1. Please introduce yourself, professionally and academically, to our readers.
I am an LLM student at the Europa Institut, Universitat des Saarlandes, Germany specializing in International Dispute Resolution, Foreign Trade and Investment. I am also a recipient of the Dr. Angela Merkel Scholarship, 2016 that covers full tuition fees for the LLM and my living expenses in Germany. I completed my undergraduate studies from Institute of Law, Nirma University, Ahmedabad with a major in Business Laws. Thereafter, I had the privilege of working as an Associate for two years in the Dispute Resolution team of Amarchand & Mangaldas & Suresh A. Shroff & Co. (now Shardul Amarchand Mangaldas & Co.).
2. What motivated you to pursue law as a career option?
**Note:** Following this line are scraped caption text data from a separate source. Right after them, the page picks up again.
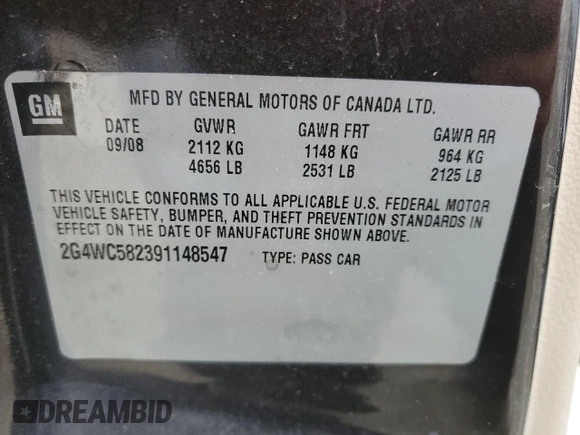 2009 Buick LaCrosse CX with VIN 2G4WC582391148547, listed as a Copart auction lot 47933125 with 44,914 mi miles and Salvage Title. Bid and sale history available at carsss.com. Image 12.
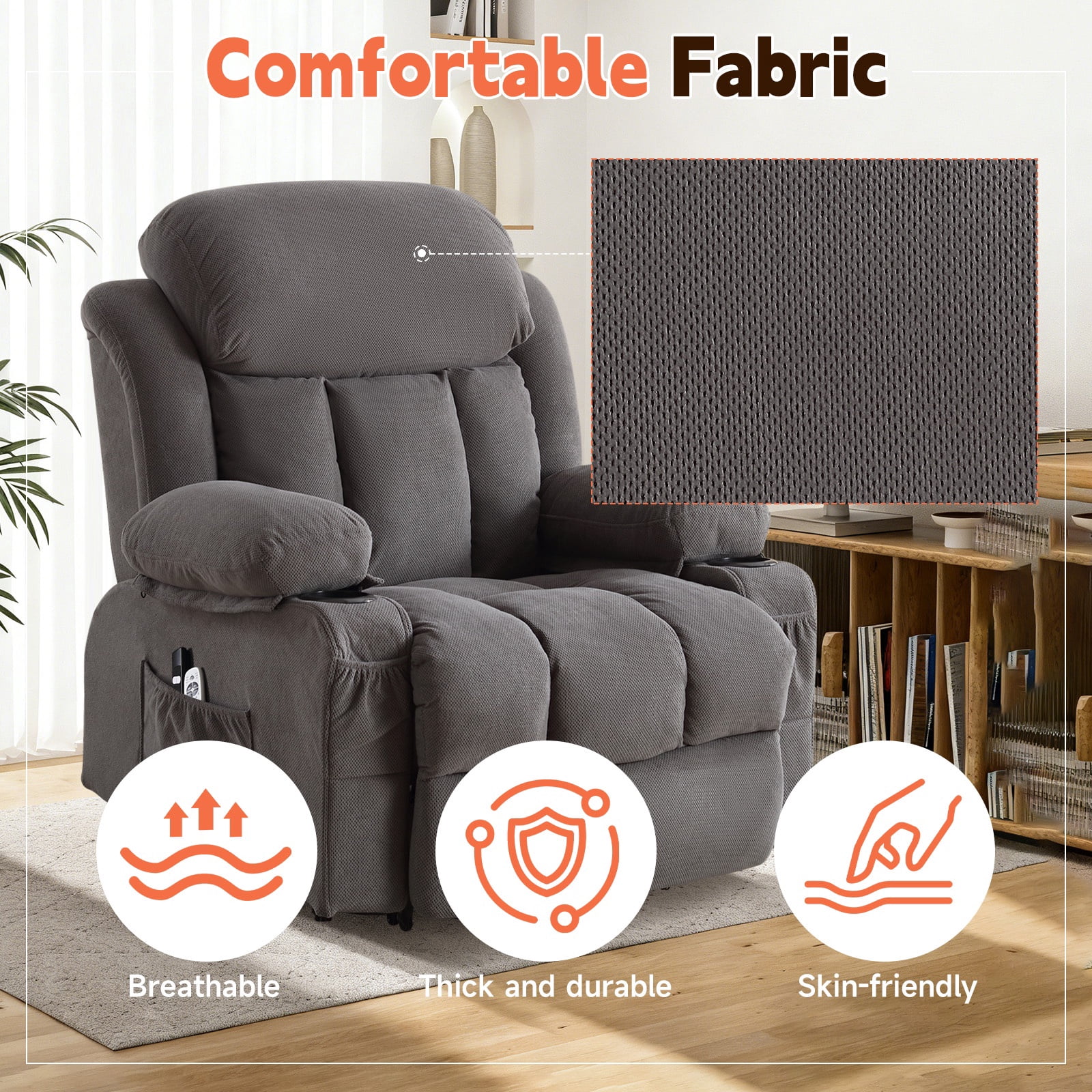 UHOMEPRO Lift Recliner Chair for Elderly and Adult, Electric Recliner with Heat and Vibration Massage, Remote Control, USB Port, Side Pockets & Cup Holders, Gray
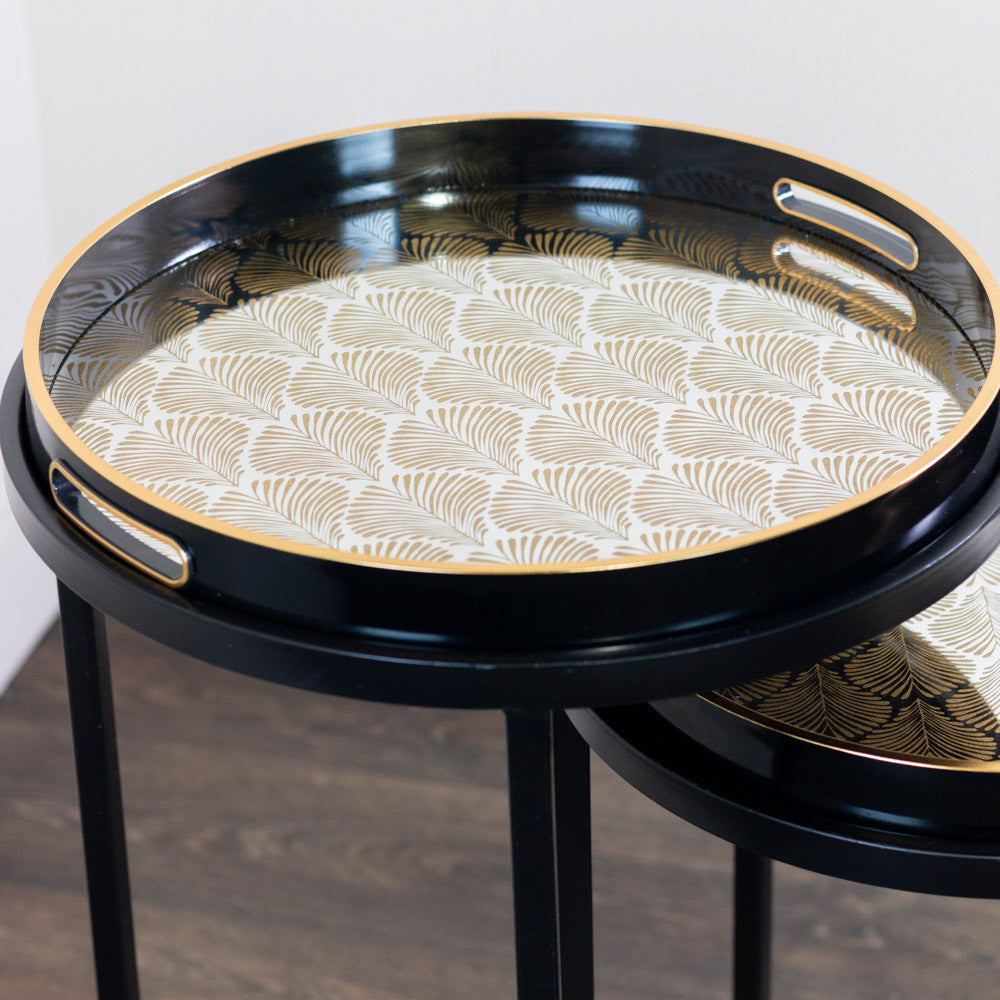 Bruna S/2 Tray Tables Black/Gold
I am a lawyer by chance, though my background would seem to suggest otherwise. It is strange that, despite having a legal background, with two generations of my family practicing law and writing books on legality, I had never made a conscious effort to consider law as a career option. I pursued science stream in 12th Standard and took an admission in an Engineering course. I appeared for CLAT and Nirma University entrance examination, without preparing thoroughly, just as a back-up option. Law as a career option had just started gaining momentum and I was certain that there will be a paradigm shift in the mindset which will lead to elevation of its position. What changed my mind to pursue law, as a career option, would seem superficial and based on reasons not thought out properly, to many. During the vacations after the 12th Board results, I used to observe my father practice law. What struck me was the independence with which he pursued his profession. He was a master of his own and dictated his working hours, which meant spending time with the family at his free will. It then occurred to me, how about earning a living by profession where could you freely dictate your working terms! That’s when I decided to pursue law. Little did I know back then that this choice would give me eternal satisfaction and take me to places.
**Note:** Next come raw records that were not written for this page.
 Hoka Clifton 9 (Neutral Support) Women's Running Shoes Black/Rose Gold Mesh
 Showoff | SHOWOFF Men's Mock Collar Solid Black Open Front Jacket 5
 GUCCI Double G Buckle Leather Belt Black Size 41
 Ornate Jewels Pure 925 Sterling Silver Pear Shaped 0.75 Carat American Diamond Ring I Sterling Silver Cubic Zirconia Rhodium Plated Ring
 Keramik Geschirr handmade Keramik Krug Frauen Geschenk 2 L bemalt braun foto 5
3. Please share your experience during the five years at ILNU. You were awarded the Gold medal for the A.Y. 2010-2011 and consistently remained in the top five percentile of the batch. How relevant are these achievements in the professional world?
I saw the potential to grow with the growing Institution. I saw drastic personality changes and evolved as a matured legal professional, due to the able guidance of well-educated professors and in the company of some bright legal minds, with whom I had the pleasure of creating some long-cherished memories. I tried my hand at almost everything that was on offer. I committed multiple errors, learnt from the downfalls but never allowed the pressure to perform get on my nerves. In hindsight, I feel I had the most memorable five years of my life, personally and professionally.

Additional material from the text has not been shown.